Reader Exercise: Using either your memory dump or mine, calculate the checksum of SegA and compare it to the value at address 0x10C0. Hint: xor'ing 0xFFFF twice has no effect; an even number of these lines can be ignored. When added to the stored checksum value, do you get zero? Calculate the two's complement by ~chksum + 1 and compare it to the stored value.

Preparing the Custom DCO Calibration
Here's the plan for our code: we'll find a custom calibration value for 7.3278 MHz and store it in SegB using the standard TLV coding set by TI. (You could do this in SegA if you wish, but since we're using a non-standard DCO frequency, I've opted to keep it out for now.) SegB is found in the memory range 0x1080 to 0x10BF. The organization of what we'll be writing will then be like this:
There's a typo here.. should be 0x38FE. I will fix the image soon.

We use the crystal to find the calibration value for 7.3278 MHz.

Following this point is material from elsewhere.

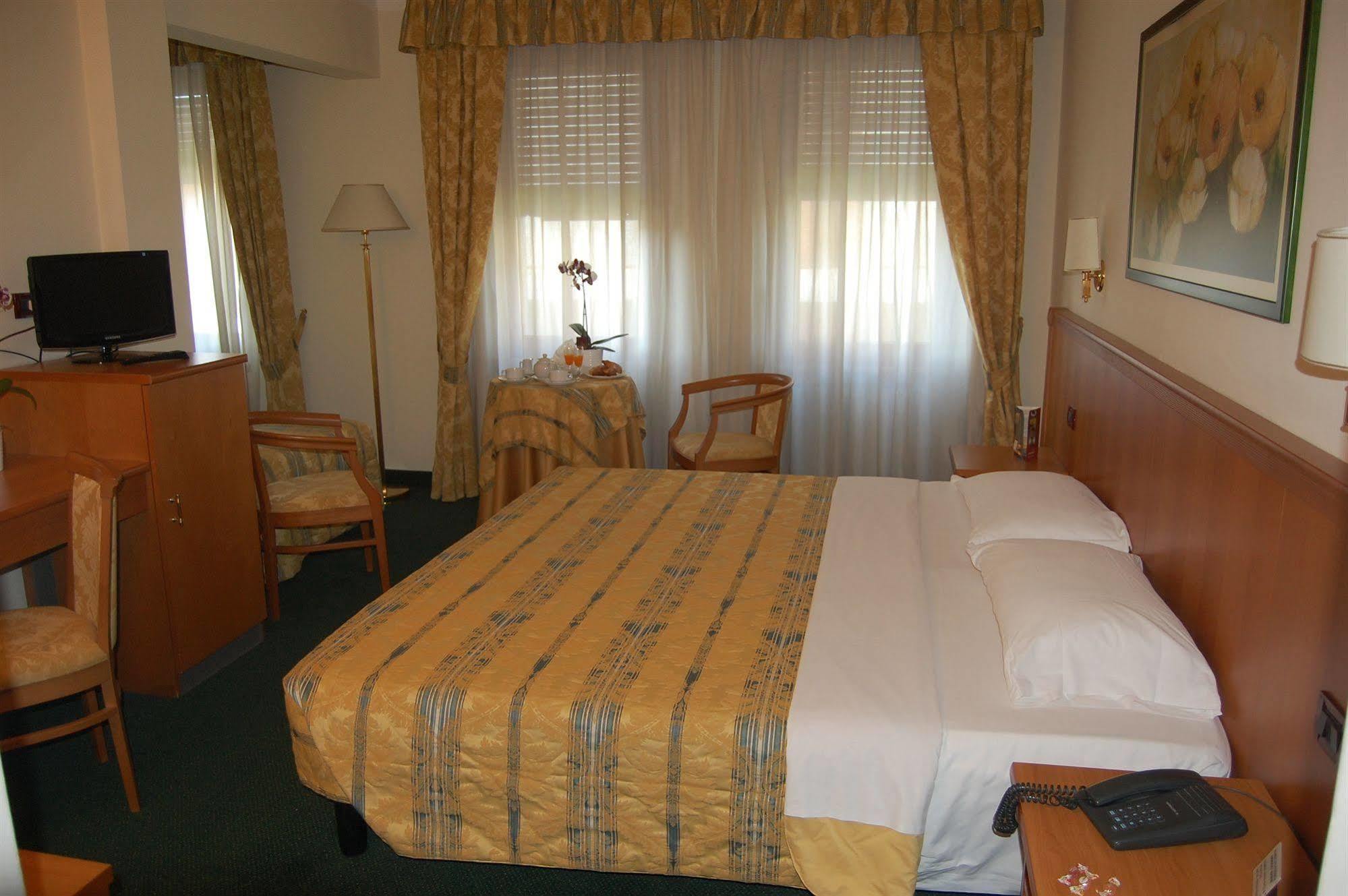 Hotel Galant Venaria Reale Luaran gambar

This value is put into the above table to calculate the checksum: 
chksum = 0x38FE ^ 0x0201 ^ {calibration values}
       = 0x3AFF ^ {calibration values}
The value stored at 0x1080 is then ~chksum + 1.

Next, we erase SegB, and write in the following addresses:

  • 0x1080: two's complement of chksum
  • 0x1082: 0x37FE
  • 0x10BC: 0x0201
  • 0x10BE: 0x{CALBC1}{CALDCO}
This tutorial has ended up pretty long, so we'll end the discussion here. The next tutorial will review the registers in the MSP430 Flash Memory controller and describe how to program this information to the Information Memory.

Reader Exercise: The Value Line devices do not come with the other standard calibrations: 8 MHz, 12 MHz, and 16 MHz. In the chapter on TLV of the Family User's Guide, we see that the locations of these calibrations are standardized for SegA to appear in the order TLV Tag, CAL_16MHz, CAL_12MHz, CAL_8MHz, CAL_1MHz. The data in SegA for the Value Line devices doesn't leave room for these with the other three calibrations left blank, so the entire segment structure needs to be shifted. If we want to add these without loosing any of the remaining structure, how will the segment be set up? Draw up a table similar to that used in this tutorial to map out the segment structure, and show how to calculate the new checksum value based on this table.